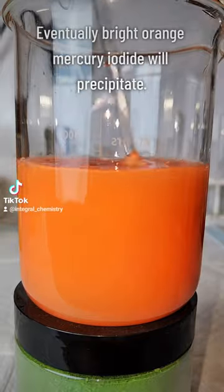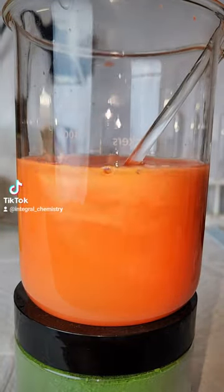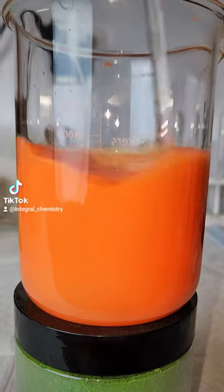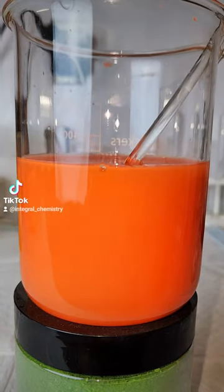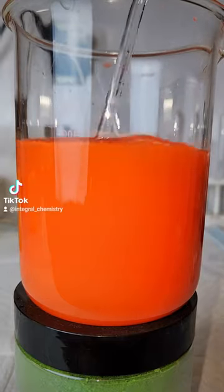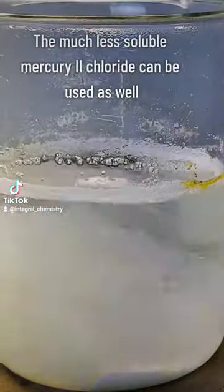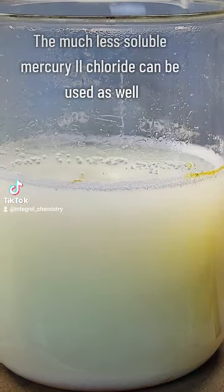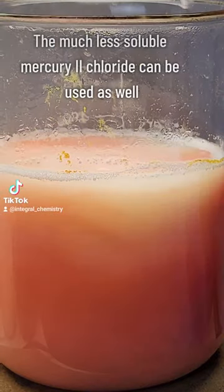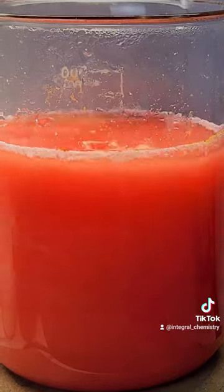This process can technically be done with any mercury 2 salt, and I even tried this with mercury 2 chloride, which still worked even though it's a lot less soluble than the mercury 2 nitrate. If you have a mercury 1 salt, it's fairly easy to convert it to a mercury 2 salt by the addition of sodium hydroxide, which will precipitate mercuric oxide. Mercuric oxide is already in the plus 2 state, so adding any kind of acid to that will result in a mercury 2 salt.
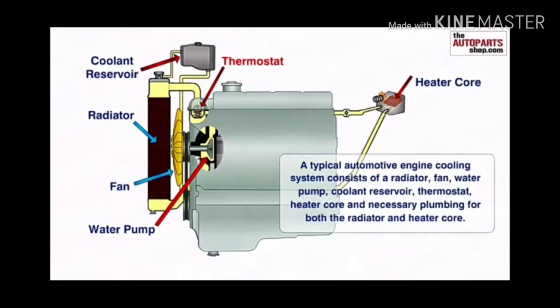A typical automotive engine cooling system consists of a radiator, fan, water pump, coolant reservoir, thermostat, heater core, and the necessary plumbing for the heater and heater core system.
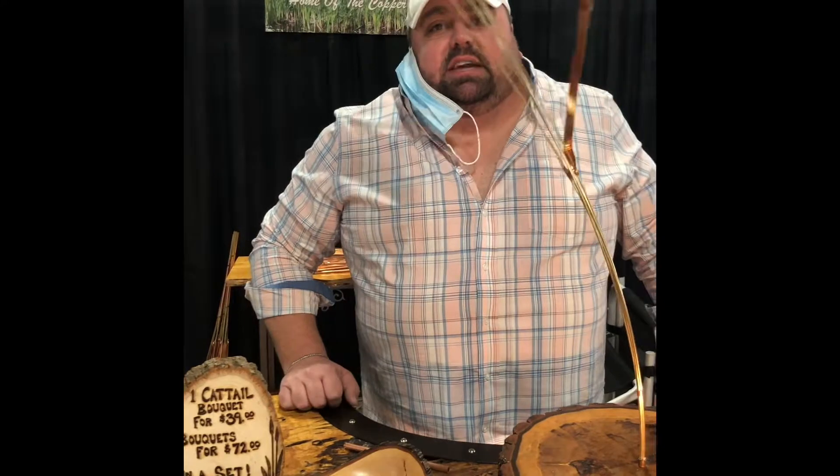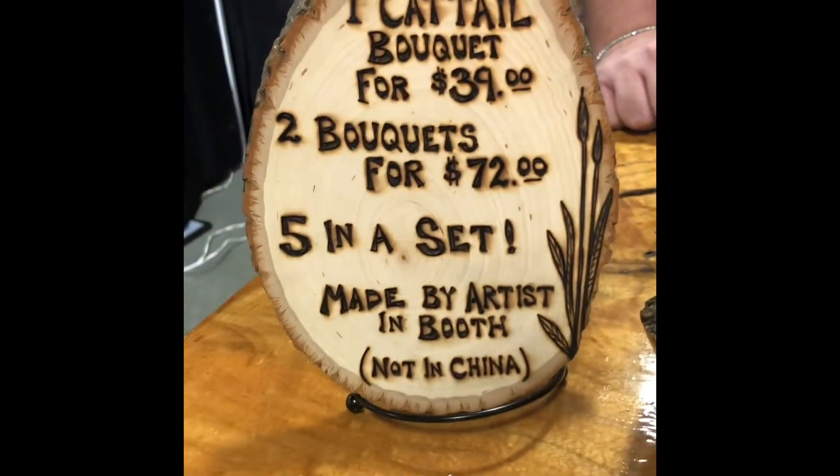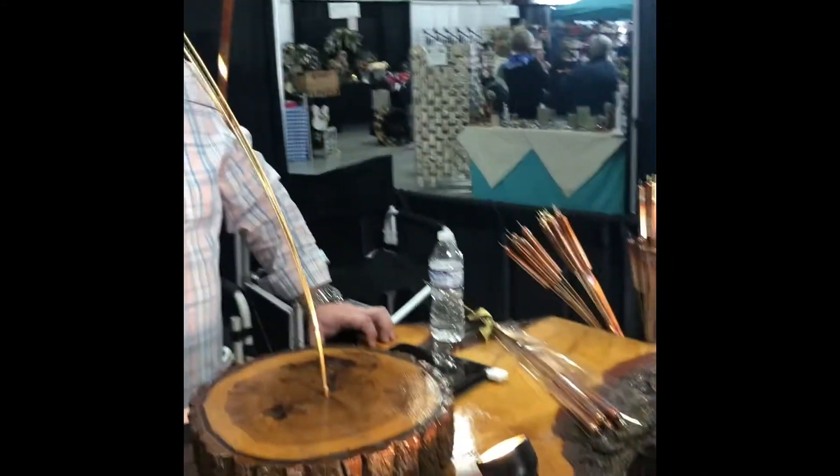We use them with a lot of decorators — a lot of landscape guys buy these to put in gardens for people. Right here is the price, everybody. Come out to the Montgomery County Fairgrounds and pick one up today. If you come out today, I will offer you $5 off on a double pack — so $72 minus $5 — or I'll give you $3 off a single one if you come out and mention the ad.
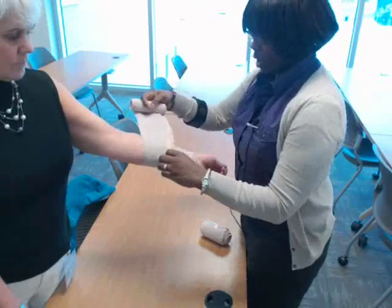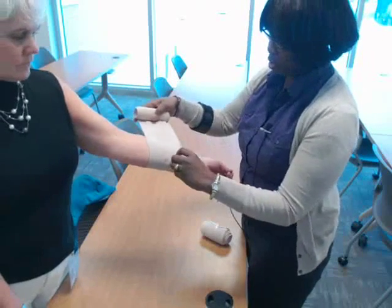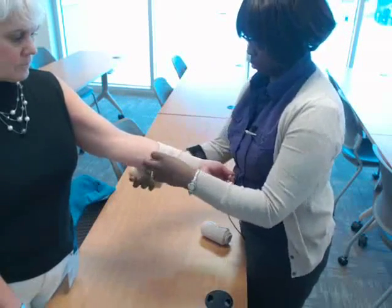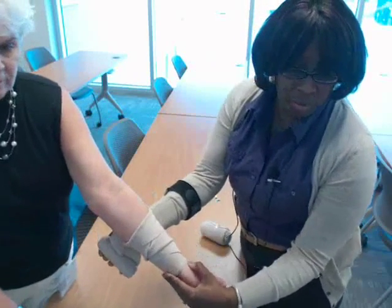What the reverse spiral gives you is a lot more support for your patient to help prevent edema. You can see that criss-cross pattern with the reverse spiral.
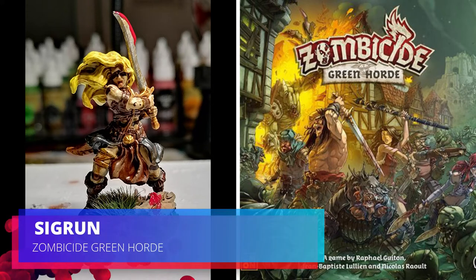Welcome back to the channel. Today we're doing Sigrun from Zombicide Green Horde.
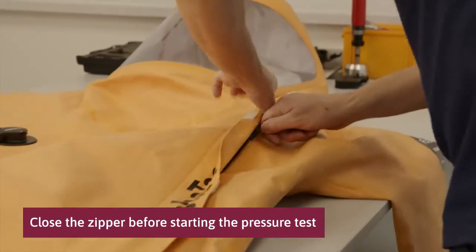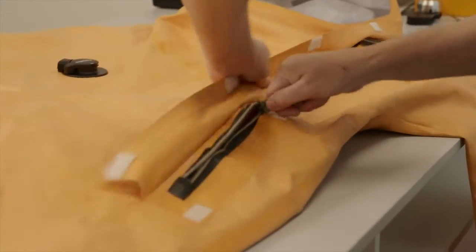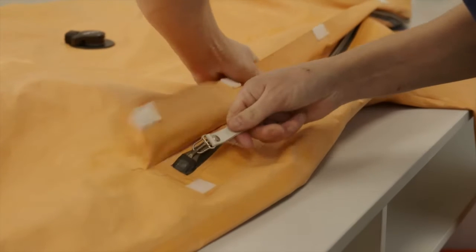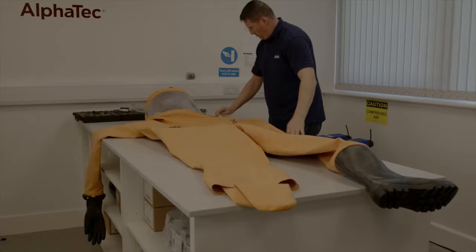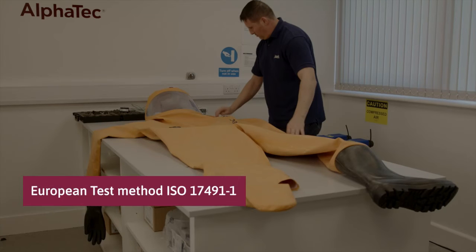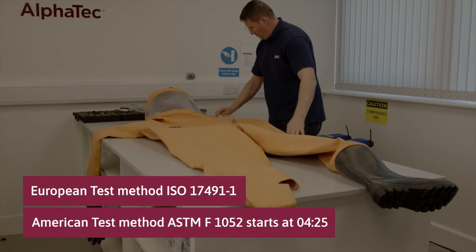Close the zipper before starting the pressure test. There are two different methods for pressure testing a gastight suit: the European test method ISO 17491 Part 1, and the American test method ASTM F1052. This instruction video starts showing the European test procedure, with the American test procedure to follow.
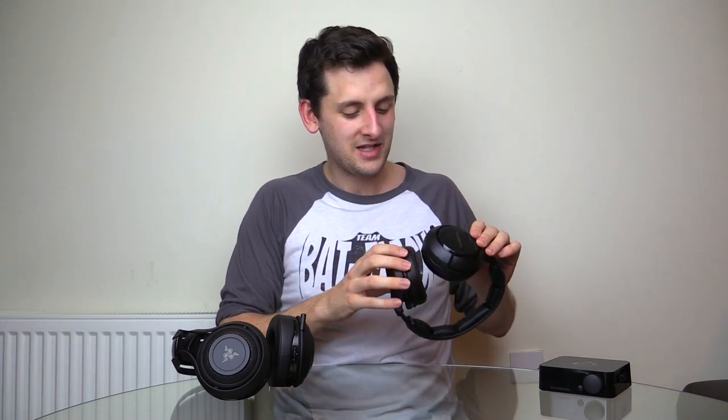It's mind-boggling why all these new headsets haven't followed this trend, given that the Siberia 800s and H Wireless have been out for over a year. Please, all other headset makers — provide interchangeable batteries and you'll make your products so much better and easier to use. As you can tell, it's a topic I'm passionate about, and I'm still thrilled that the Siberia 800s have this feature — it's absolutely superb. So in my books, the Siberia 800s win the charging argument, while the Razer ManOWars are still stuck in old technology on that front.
--
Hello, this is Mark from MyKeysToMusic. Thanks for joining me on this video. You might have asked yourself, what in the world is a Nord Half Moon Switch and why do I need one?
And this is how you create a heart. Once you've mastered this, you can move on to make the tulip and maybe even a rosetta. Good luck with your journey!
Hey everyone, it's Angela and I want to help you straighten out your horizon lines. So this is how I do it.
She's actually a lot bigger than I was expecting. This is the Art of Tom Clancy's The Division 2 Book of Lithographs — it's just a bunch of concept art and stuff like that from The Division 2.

Your assignment:
Find the line with "What the reverse" in the data above, and from there retype each line exactly through the line with "It's mind-boggling why", skipping the pictures along the way.

Reply:
What the reverse spiral gives you is a lot more support for your patient to help prevent edema. You can see that criss-cross pattern with the reverse spiral.
Welcome back to the channel. Today we're doing Sigrun from Zombicide Green Horde.
Close the zipper before starting the pressure test. There are two different methods for pressure testing a gastight suit: the European test method ISO 17491 Part 1, and the American test method ASTM F1052. This instruction video starts showing the European test procedure, with the American test procedure to follow.
It's mind-boggling why all these new headsets haven't followed this trend, given that the Siberia 800s and H Wireless have been out for over a year. Please, all other headset makers — provide interchangeable batteries and you'll make your products so much better and easier to use. As you can tell, it's a topic I'm passionate about, and I'm still thrilled that the Siberia 800s have this feature — it's absolutely superb. So in my books, the Siberia 800s win the charging argument, while the Razer ManOWars are still stuck in old technology on that front.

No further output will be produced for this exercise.